An easy tool for a simple task, as it adds thickness to a surface geometry. With this tailored version of PolyExtrude we can simply extrude all the faces of a geometry using a single slider, namely Depth, without getting lost amongst the other parameters.
12. Straighten and axis align
It’s a boring and time consuming task to manually align and rotate objects to a neutral pose, especially with photogrammetry ones. Luckily this task can be quick with these two Game Tools nodes. Firstly we orient the object with the Straighten node by selecting the desired upward and forward facing parts for the two input fields respectively. Then the Axis Align node brings the geometry to the origin and we can chose the actions for all three dimensions. The default setting is useful, as it lays down the object on the ground using its lowest part.
13. Quick material
The advanced version of the original QuickShade node. We can quickly and effectively create and assign materials to objects or groups without leaving the SOP context, and access the basic parameters and texture inputs of the available material types: Principled Shader, GameDev PBR and Matcap.
14. Quick merge
Select the nodes you want to merge, then Alt drag down the output of any of them. If you press Ctrl rather than Alt, or just simply click with RMB, it will popup the tab menu, and you can choose other nodes with bulk input like Switch.
15. Viewport hotkeys
It’s worth opening the Hotkey Manager and checking the available actions under Houdini / Panes / Geometry Viewers / Operations / View Operation context. This is the secret place where we can add or modify all the Space something keystrokes for the viewports, like Frame Selected (default shortcut: Space F). So all the shortcuts here work just by holding Spacebar, or with the active View tool (left toolbar). Actually, we can change the Space to anything else, or add alternatives, which is the Volatile View Operation, directly in the Operations context.
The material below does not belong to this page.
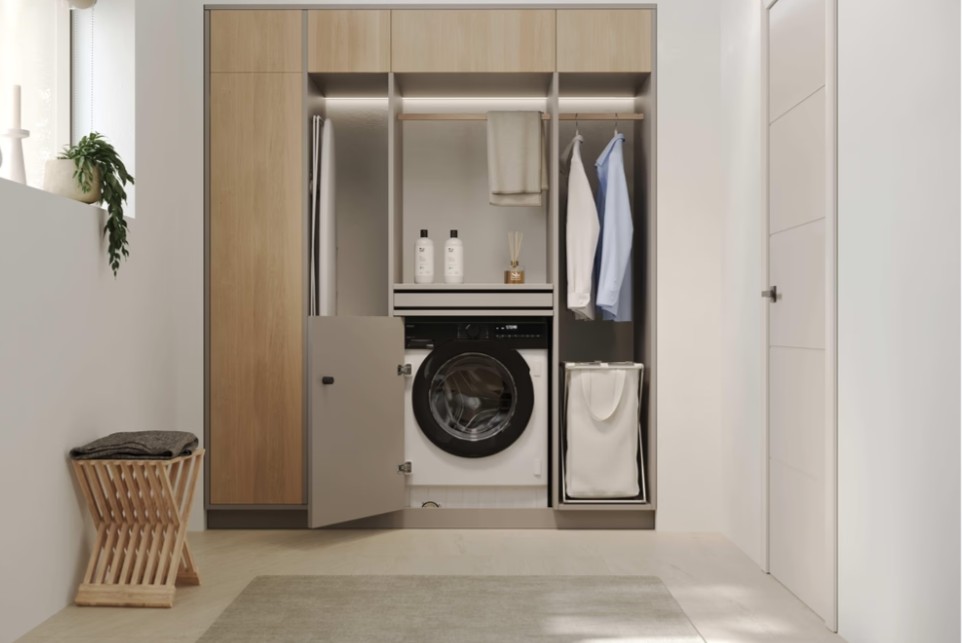 Haier BHA6S69M6DB9J-S beépíthető elöltöltős mosógép, 9 kg, inverter motor, Wifi, gőz, 60x52.5x82 cm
There are some really useful shortcuts like the Cycle View Context and Toggle Local/World View Context. They affect the state of the view context switch, the second button from the right on the network controls bar above the viewport, so we can quickly hide/unhide/ ghost all other geometries except the ones in the active SOP context. The Move Camera to Geometry shortcut is also useful, as a kind of teleport function – the viewport camera jumps to the geometry element under the cursor.
16. Fullscreen mode
Usually a work session in Houdini takes a while, so most of the time we don’t need the interface elements of the operating system. On Linux it’s easy to go fullscreen, the KDE environment offers it in the titlebar’s right click menu. In the System Settings we can also bind shortcuts to any UI actions like this. In comparison customising the other two OS feel extremely restrictive, but at least after decades of user requests macOS finally ships with an optional Dark Mode. It matches with Houdini’s native colour scheme, thus the menubar at the top doesn’t feel like an interrogation lamp.
17. Nextgen Renderman for Houdini
You may find Mantra slow, laggy and memory consuming so it’s worth trying the new Renderman for Houdini (22.5 ). It feels more cosily integrated with its state of the art interactivity. Do we need dedicated lighting/rendering softwares anymore?